WORK REQUEST: Exact transcription of the data below is required, without the images.

STORED DATA:

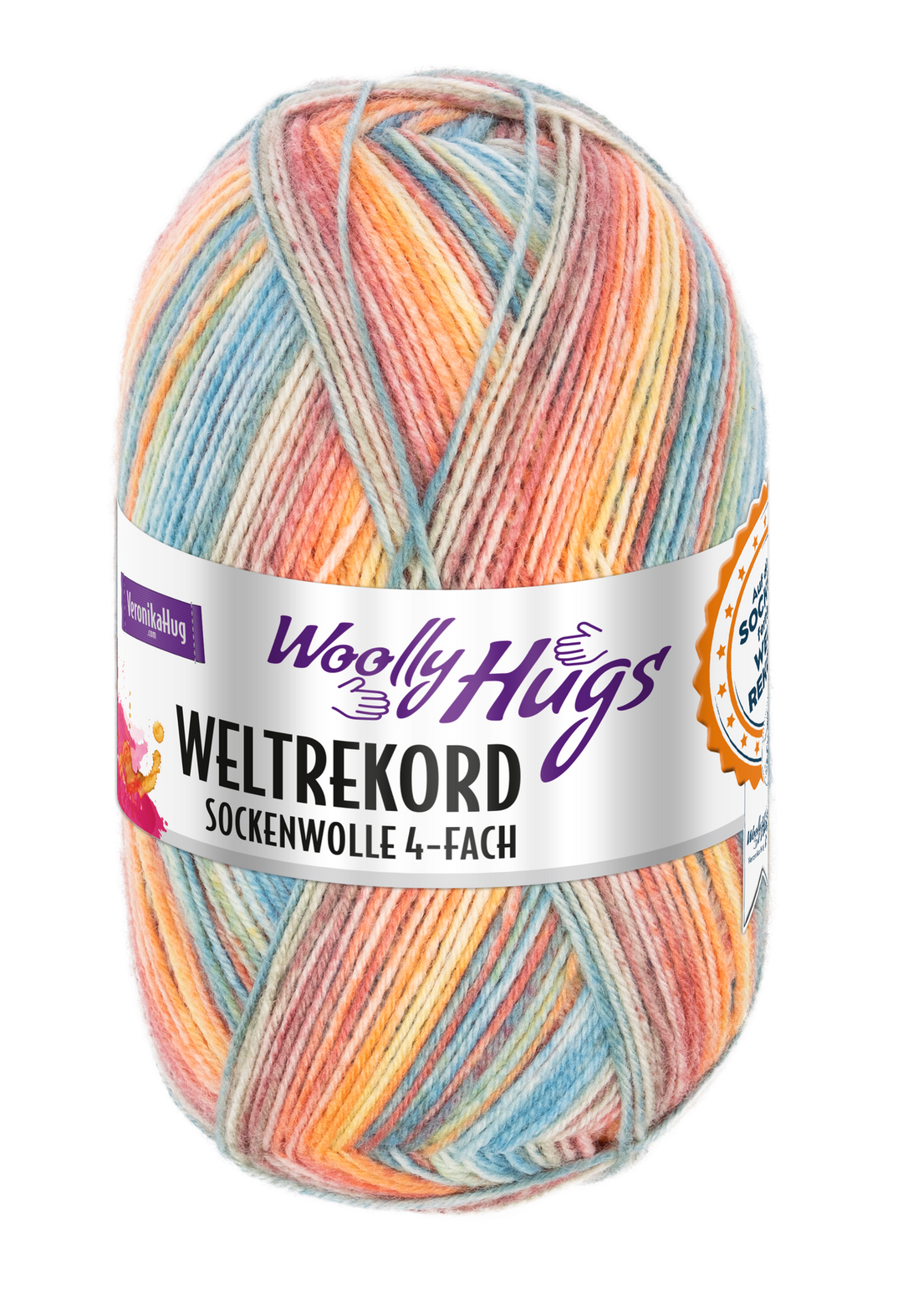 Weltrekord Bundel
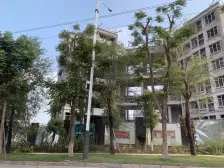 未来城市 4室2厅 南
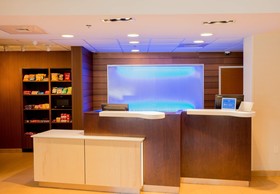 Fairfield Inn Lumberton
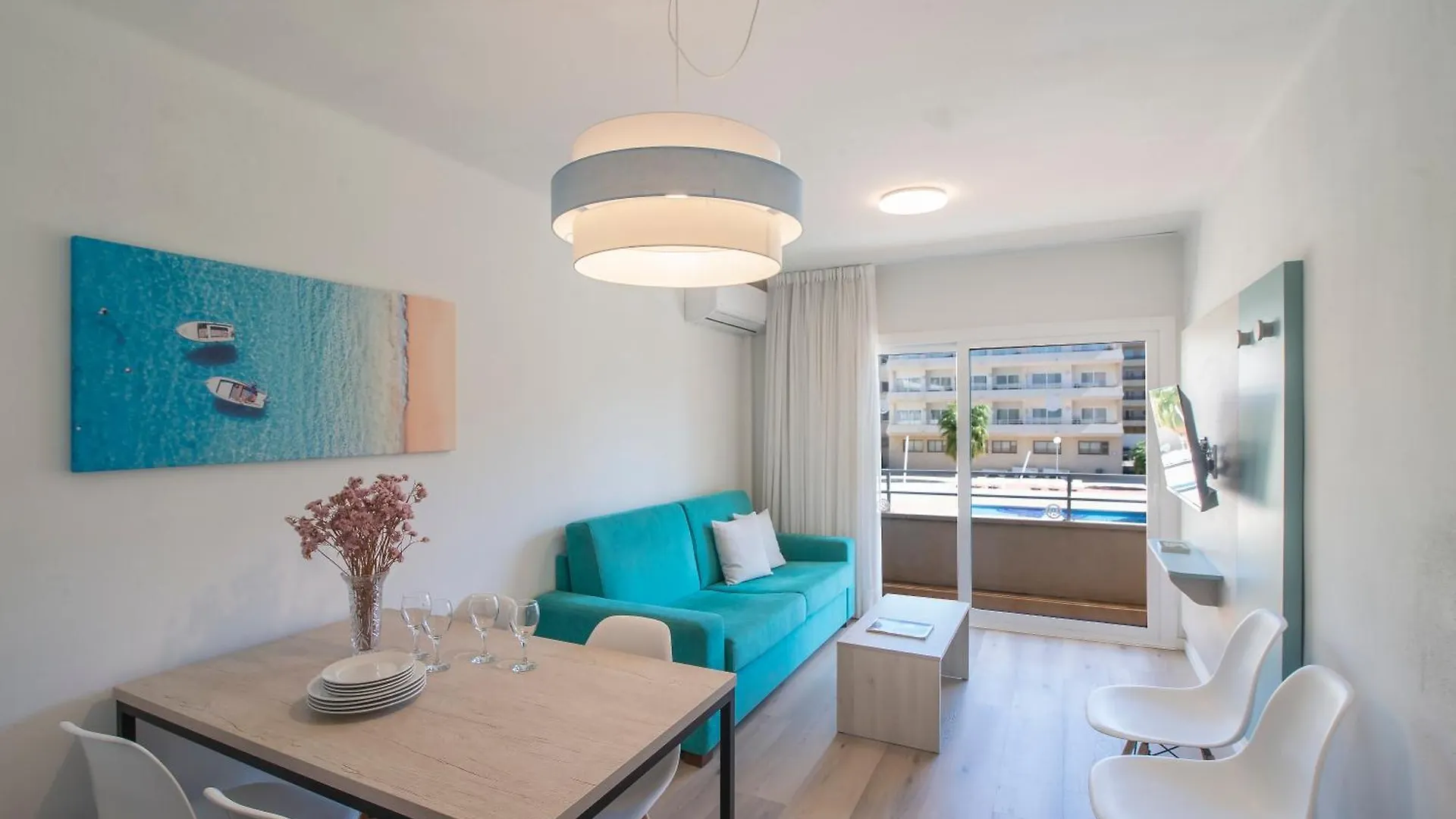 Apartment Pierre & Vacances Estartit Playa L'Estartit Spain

RESPONSE TO THIS EXERCISE:
 Weltrekord Bundel
 未来城市 4室2厅 南
 Fairfield Inn Lumberton
 Apartment Pierre & Vacances Estartit Playa L'Estartit Spain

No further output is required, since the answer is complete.